Generating the model from total lines in input:  20907
Done. Total tokens extracted:  190812


In [47]:
print(f"The average line length is {model.avgLineLength}")


The average line length is 9.1267039747453


You can access directly the tokens and their frequency:

In [48]:
model.tokensFrequence.most_common(5)

[(',', 14890), ('.', 6196), ('the', 4836), ('and', 4499), ('i', 3871)]

And now we generate the different orders lines, two lines each time:

In [49]:
print(model.generate1stOrderLine(2))

how devise swear bless too been is traitors yet themselves
, sight work lord . fertile forth for had in



In [50]:
print(model.generate2ndOrderLine("how", 2))

how is't thou with hast me enchanted my her greatness ,
will is receive her them sorrow wear and thou



In [51]:
print(model.generate3rdOrderLine("how", 2))
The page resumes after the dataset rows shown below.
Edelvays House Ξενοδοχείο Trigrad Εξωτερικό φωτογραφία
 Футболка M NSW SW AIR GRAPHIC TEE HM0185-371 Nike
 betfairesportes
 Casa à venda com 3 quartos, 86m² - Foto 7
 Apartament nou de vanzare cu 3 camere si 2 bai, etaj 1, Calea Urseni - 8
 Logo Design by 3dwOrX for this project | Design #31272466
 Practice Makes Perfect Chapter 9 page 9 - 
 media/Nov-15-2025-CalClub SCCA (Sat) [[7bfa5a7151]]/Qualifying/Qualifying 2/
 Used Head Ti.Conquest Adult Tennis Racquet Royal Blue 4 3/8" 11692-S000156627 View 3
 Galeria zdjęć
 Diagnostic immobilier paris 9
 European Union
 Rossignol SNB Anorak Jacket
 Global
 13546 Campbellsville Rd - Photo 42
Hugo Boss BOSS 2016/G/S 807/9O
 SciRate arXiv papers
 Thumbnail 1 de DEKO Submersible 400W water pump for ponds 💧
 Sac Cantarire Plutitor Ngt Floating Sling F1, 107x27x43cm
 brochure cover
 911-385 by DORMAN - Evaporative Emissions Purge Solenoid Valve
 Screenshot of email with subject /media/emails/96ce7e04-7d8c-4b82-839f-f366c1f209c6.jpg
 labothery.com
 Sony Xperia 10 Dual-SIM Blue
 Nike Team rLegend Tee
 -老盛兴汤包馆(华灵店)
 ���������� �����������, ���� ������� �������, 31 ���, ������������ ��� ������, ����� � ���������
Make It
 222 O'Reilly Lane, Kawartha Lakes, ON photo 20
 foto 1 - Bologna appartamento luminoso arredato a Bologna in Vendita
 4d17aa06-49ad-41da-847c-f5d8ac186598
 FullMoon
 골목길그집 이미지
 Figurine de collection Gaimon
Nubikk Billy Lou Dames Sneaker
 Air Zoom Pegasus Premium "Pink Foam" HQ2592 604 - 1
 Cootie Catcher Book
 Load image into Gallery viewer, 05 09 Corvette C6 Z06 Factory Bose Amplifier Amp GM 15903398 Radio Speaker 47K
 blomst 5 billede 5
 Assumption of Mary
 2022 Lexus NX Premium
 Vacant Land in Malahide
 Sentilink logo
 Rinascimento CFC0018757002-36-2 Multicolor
how is it it out accommodation . weigh'st begone indignation sparingly seest
re-deliver wheat pain winters twenty skyish wave-worn incharitable thanes



In [52]:
print(model.generate4thOrderLine("how", 2))

how satisfied , my lord , what is your tidings ? commencing
whiff daylight stripping entertainer norways unswear antres brakenbury fulsome



Note that now the 3rd and 4th order get more random words and less articles.  
That's all. Feel free to try with different corpus of text.